WORK INSTRUCTION = Please return the listing exactly as it stands, skipping any pictures.
[DATASET EXCERPT Boundary: Start]
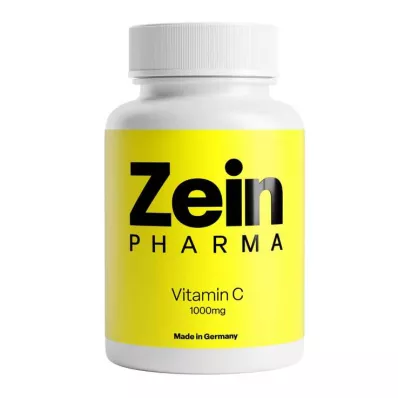 C-vitamin 1000 mg Zeinpharma kapszula, 120 db C-vitamin 1000 mg Zeinpharma kapszula, 120 db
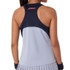 Asics Match Tank Top - Grey Blue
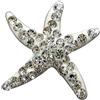 SANICO SRL Bjt260 Orecchino Starfish 10 Mm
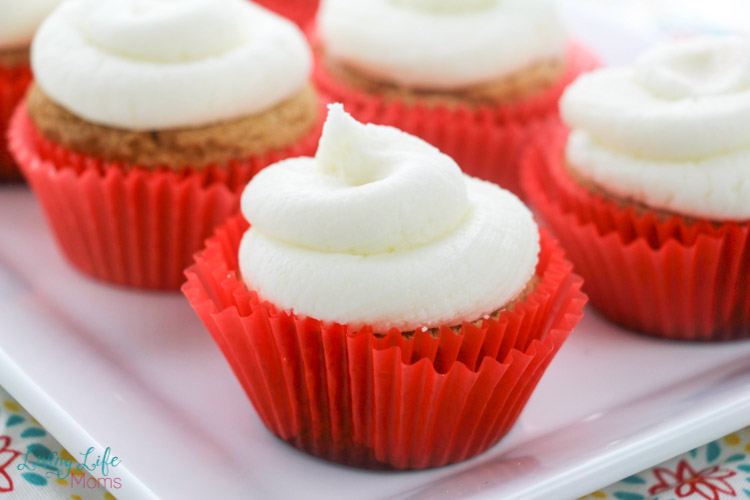 root beer cupcakes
[DATASET EXCERPT Boundary: End]
EXERCISE RESULT =
 C-vitamin 1000 mg Zeinpharma kapszula, 120 db C-vitamin 1000 mg Zeinpharma kapszula, 120 db
 Asics Match Tank Top - Grey Blue
 SANICO SRL Bjt260 Orecchino Starfish 10 Mm
 root beer cupcakes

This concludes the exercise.